On finding your homeschool groove

No one I knew was talking about independent work for young students when we moved to this method; we “invented” it for ourselves out of necessity. But while it felt like a risk, it’s turned out to be the best decision we’ve ever made.

To be clear, I’m not saying the way we do it is the right way for everyone or the best way overall.

What I am saying is it’s important to figure out the best solutions for your family. Because once you figure it out, it’s a whole new experience.

This Post Has 8 Comments

  1. I agree. Homeschooling is wonderful and difficult at the same time. It takes awhile to get into the groove. I have teenagers that I have homeschooled since the beginning. There have been great years and challenging years. We focus on the basics and enjoy the extras. When something isn’t working, we do try to change it to make it work for us. Sometimes, like you said, you just need to buckle down and get through it. Probably the thing that has helped the most is learning to stop comparing. Like you said, find what works for your family. If you aren’t doing something they are, it doesn’t mean you are missing out. You are just doing something different. Thanks for the encouraging post, Mandi.

  2. I’ve started doing this, too, out of necessity (first trimester!). It has been great….and I remain convinced that every year will look different as our family continues to grow and change.

  3. It’s so wonderful when homeschool moms share their real life struggles. Thank you, Mandi! The expectations we put on ourselves can be smothering. After fifteen years of home educating, I’ve come to the strong conviction that our homeschool exists to serve and enrich our family life and not the other way around. For me that keeps it in perspective and tames the “monster”. Our family life is anything but static, so our methods have changed drastically over the years. The truth that stays the same is that God has given our family these children for this season and has promised to equip us with all we need (Heb 13:20-21; 2 Pet 1:3).

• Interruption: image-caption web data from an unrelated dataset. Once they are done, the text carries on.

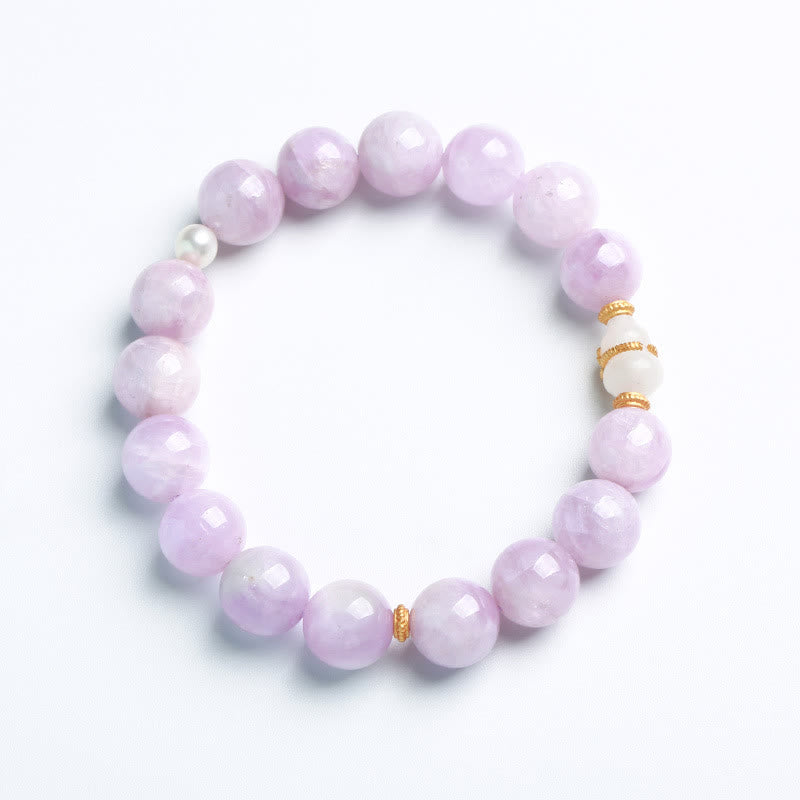 Bracelet de croissance spirituelle en jade blanc Kunzite Hetian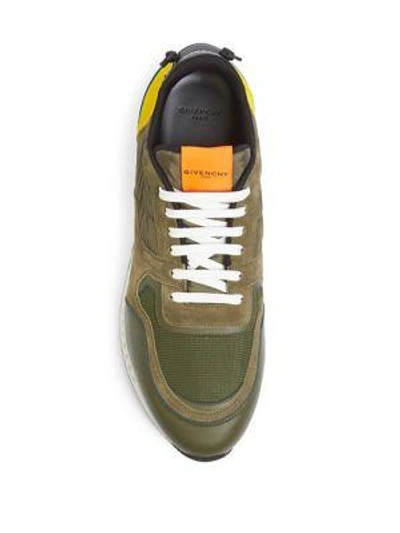 Shop Givenchy Colorblocked Active Running Sneakers In Khaki Yellow
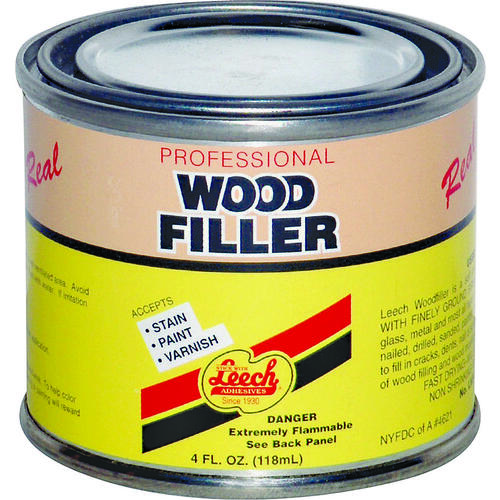 Leech Adhesives LWF-67 Wood Filler, Liquid, Solvent, Natural, 4 fl-oz Can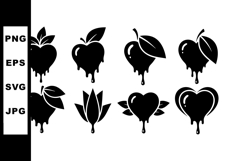 Dripping apple and heart icons with leaves vector illustrati Product Image 1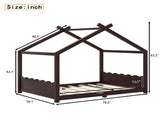 Full House Floor Bed with Support Slats, Solid Wood House Bed Frame for Kids, No Box Spring Needed W1580P387842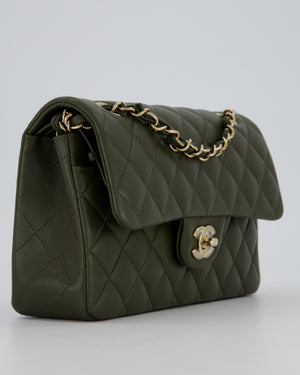Chanel Olive Green Small Classic Double Flap Bag in Lambskin Leather with Champagne Gold Hardware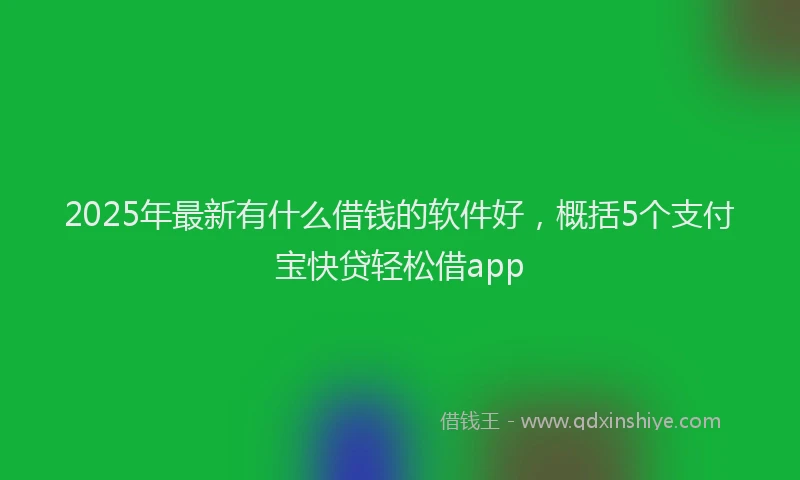 2025年最新有什么借钱的软件好，概括5个支付宝快贷轻松借app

  4. Ah, the first trimester — here’s hoping you’re through it soon!

    And I think you’re right: the only constant is that it will continue to change and evolve!

  5. I love how real you are about the journey. Homeschooling is such an individual thing– and by that, I mean for each *student* as well as each *family*! I have grown and stretched so much over the years as I’ve gone from just schooling littles, to littles and middles, to now the whole spectrum. It’s an organic, living thing. Just like family. Just like LIFE.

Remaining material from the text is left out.